To cut to the chase, your Honor, all I can say is that I was not speeding. Even if I was—and I would never want to excuse such reckless behavior—I really needed to get my share of the leftover hotdogs from my brother’s graduation party in my fridge before they started to go bad. Again, this would not excuse any violation of the law, had such a violation occurred. Yet even a judge of your stature would have to admit that we’ve all been in that situation, transporting a parcel of hotdogs in a car with a busted A/C unit for a prolonged period of time. Not to mention an open two-liter bottle of Diet Pepsi that was quickly going flat.


And how accurate are radar guns? Can we trust an officer’s dexterity with his radar gun? Was Officer Parsons constantly shifting back and forth between cars? Or did he just eyeball this one? Maybe I was mistaken for another car, or Officer Parsons was moving his arm too quickly with the radar gun and messed things up. I’m not a scientist. Does Officer Parsons ever zone out while on patrol? Put another way, is Officer Parsons human? How long can I keep talking? Is Officer Parsons going to be given time to respond to these questions? If I keep talking, will he forget some of the earlier ones? I humbly recommend to the Court that Officer Parsons not be allowed to speak, because I’m really on a roll here.


Yet I digress. Regardless of the facts that I was going the speed limit and Officer Parsons’ radar gun is unreliable, I argue that this entire proceeding constitutes double jeopardy. I am on trial for my alleged crime after already being tried by the court of public opinion when the officer’s bodycam footage of me puking all over my passenger seat went viral. You have no idea how horrible the comments were—people online can be very hurtful.


Finally, I would like to introduce evidence. Traffic court takes evidence, right? I present Exhibit A, Your Honor: a Snapchat I took while driving with a speed filter that clearly reads 64 miles per hour—one whole mile per hour below the speed limit. Consider this case closed.

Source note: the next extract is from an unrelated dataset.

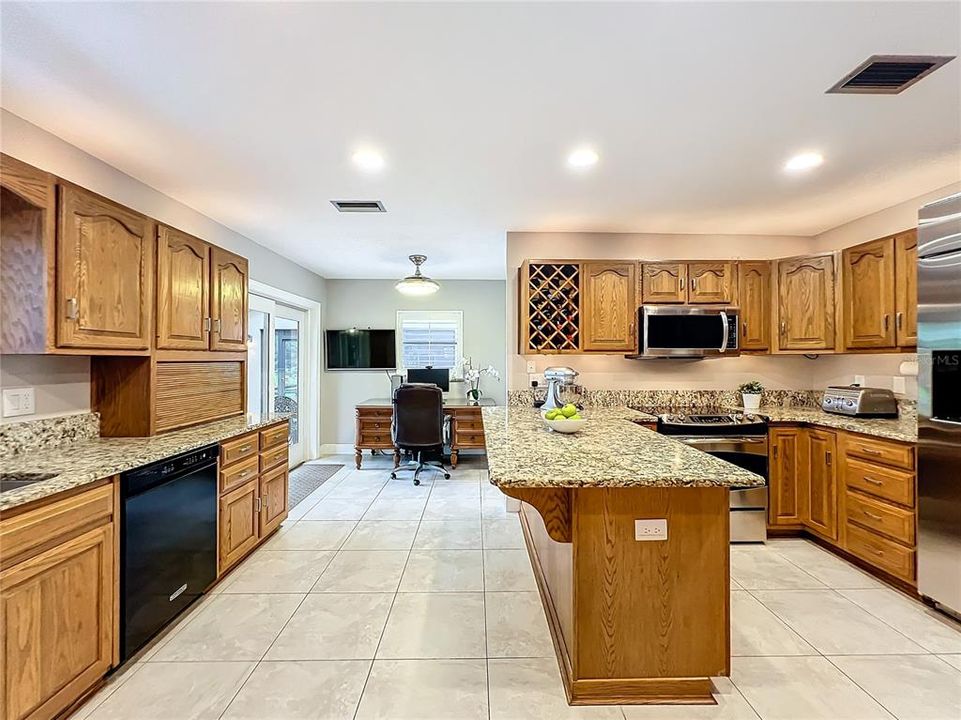 Kitchen "Nook" used as home office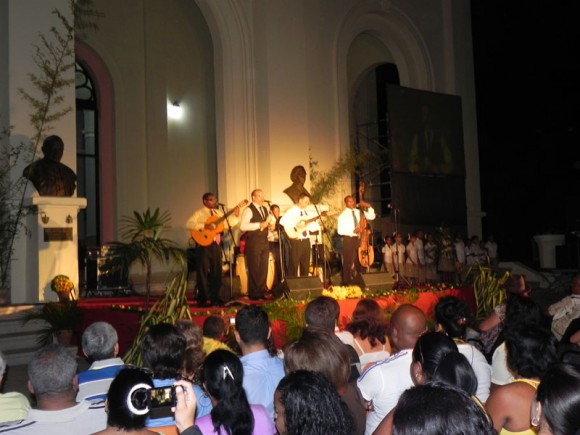 El Septeto santiaguero "Pasaporte" dio inicio a la Serenata Morena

Of course, I’m just kidding about the Snapchat. I threw that together in Photoshop earlier today. Please don’t admit it as actual testimony. If there’s anything that Suits taught me, it’s that levity can help you win over even the toughest courtroom. Thank you, Harvey Specter.

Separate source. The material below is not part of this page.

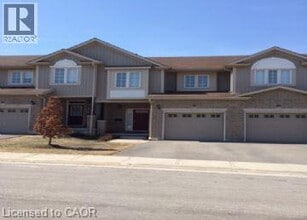 Building Photo - 105 Pinnacle Dr
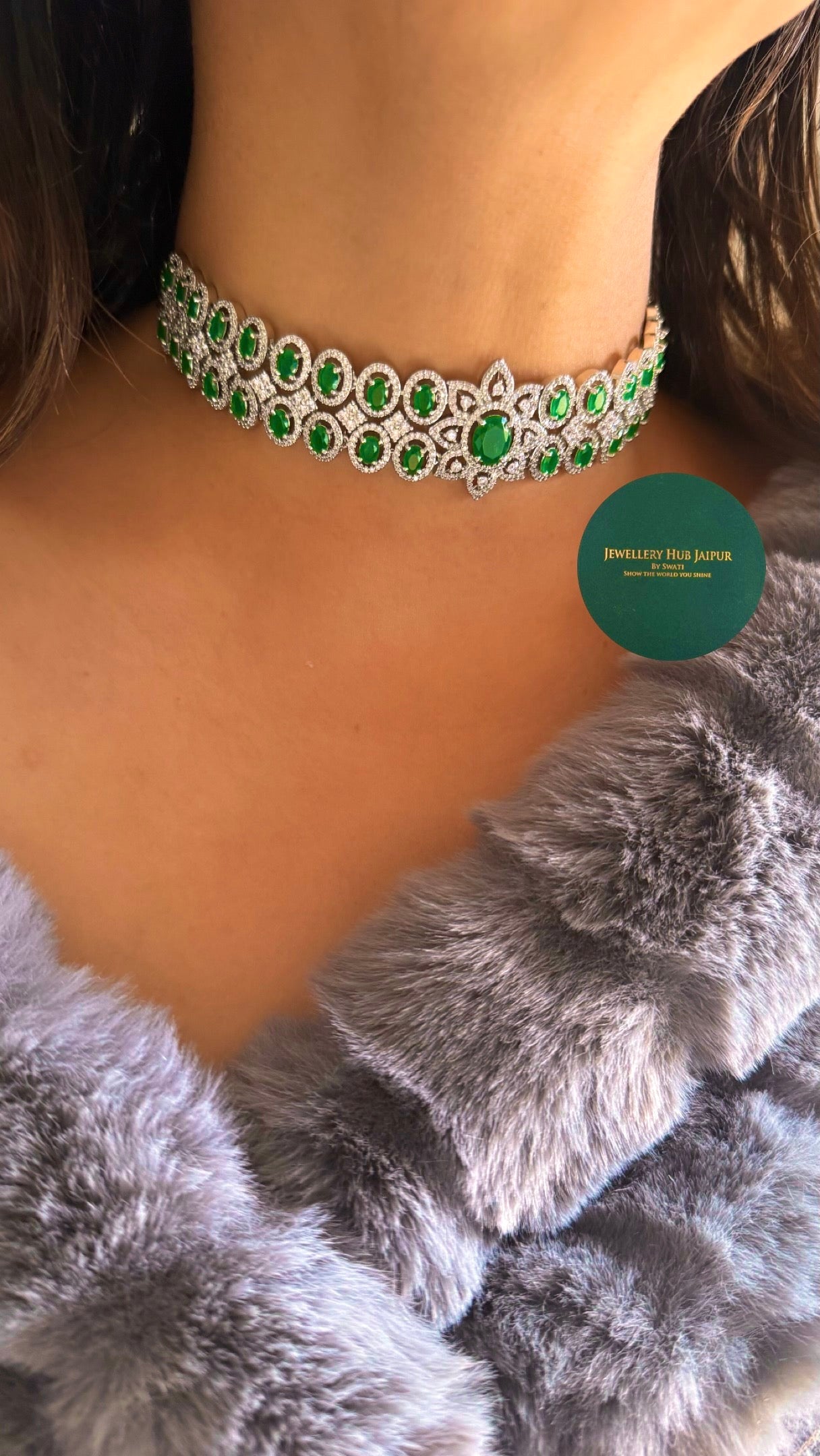 Emerald diamond choker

So, your honor, I respectfully ask you to sit back, take in all of what you’ve heard, and maybe have some of this macaroni salad I brought. I hope you don’t take this as a bribe—there was seriously just a ton of leftovers from my brother’s graduation party and I really need to get rid of them now.


Thank you, and God bless you, and God bless these United States of America. Before I take my seat, awaiting your fair and just ruling, I’d like to remind the court my skin is very, very white.